The source files will still be included in the repo under the releases tab as artifacts on each release moving forward. So they'll be there in the release history, just not fully version controlled anymore. The source folder has never been published to npm either, so this should be a pretty small impact of a change.

Any chances the source files for Chinese/CJK can still be tracked in a separate branch per language? Maybe as source-tc, source-jp, source-kr (and upcoming source-sc)? This would still keep the repo roughly under 1GB (per branch, that is), but at least it's still under version control. This could also be done for the webfonts.

Source Han has two branches under separate version control, essentially keeping two separate timelines (source files and release fonts) in one repo. The only downside is releases and tags will need to be made twice, and also the git history of the whole repo will keep increasing in size (Source Han repo git history has reached 10GB after ~10 years and 8 major version release).

@NightFurySL2001 My understanding is that a repository includes all branches stored on the remote, as well as the full repo history. Having them on separate branches wouldn't reduce the overall repo size to my knowledge.

What's the benefit to keeping the sources version controlled? They're currently not updated any more frequently than when a release is published, and the files can't be diffed within github. Is there a tool that supports diffing two versions stored in a git repository?

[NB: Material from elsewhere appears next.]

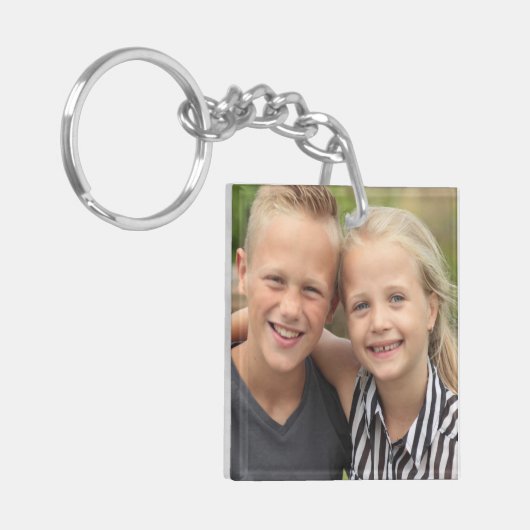 Creëer Uw eigen foto  Sleutelhanger (Voorkant Links)
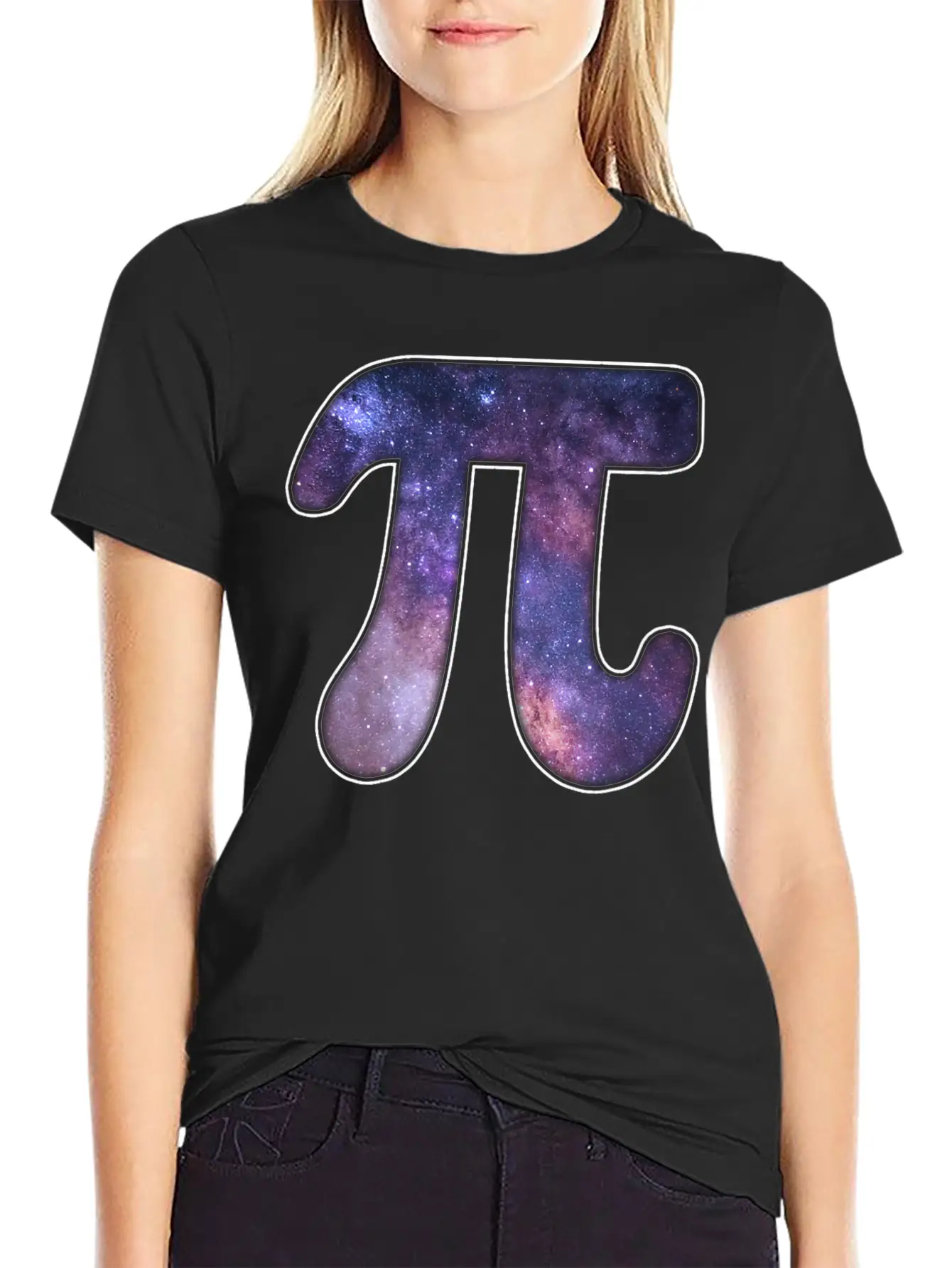 Galaxy Pi Math Science Astronomy Geek 3 14 Pi Day Breathable Soft Cotton T-Shirt – Timeless Casual Look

I'm not sure what the added benefit or use case might be for storing them in version control.

At least for glyphs, .glyphspackage and .ufo files, cloning the repo and doing a standard git diff with git diff ver1 ver2 can show which glyphs, features or metrics are changed between versions, since these 3 formats are text based. .glyphspackage and .ufo are slightly more easier to work with because they store each glyph in separate files, so files that differ between versions (using git diff --name-only) are glyphs/metrics that are modified between versions. .glyphs however is a full list of glyphs in one single file so will require to check the lines individually to see which corresponding glyphs are changed.

It's similar to the Plex release log on what has changed, but since CJK has plenty glyphs it'll be more efficient to just use git diff. (See #556 for a list of errors and suggestions for TC, which is pretty long) Also, releases are a GitHub specific feature and is not included in the git repository, so a standard git clone can't get the source files in releases, instead requiring to do cURL call to GitHub server separately. I digress though since CJK font files are inherently big and plenty of projects do provide alternate means to get the font source files instead of tracking it directly in git.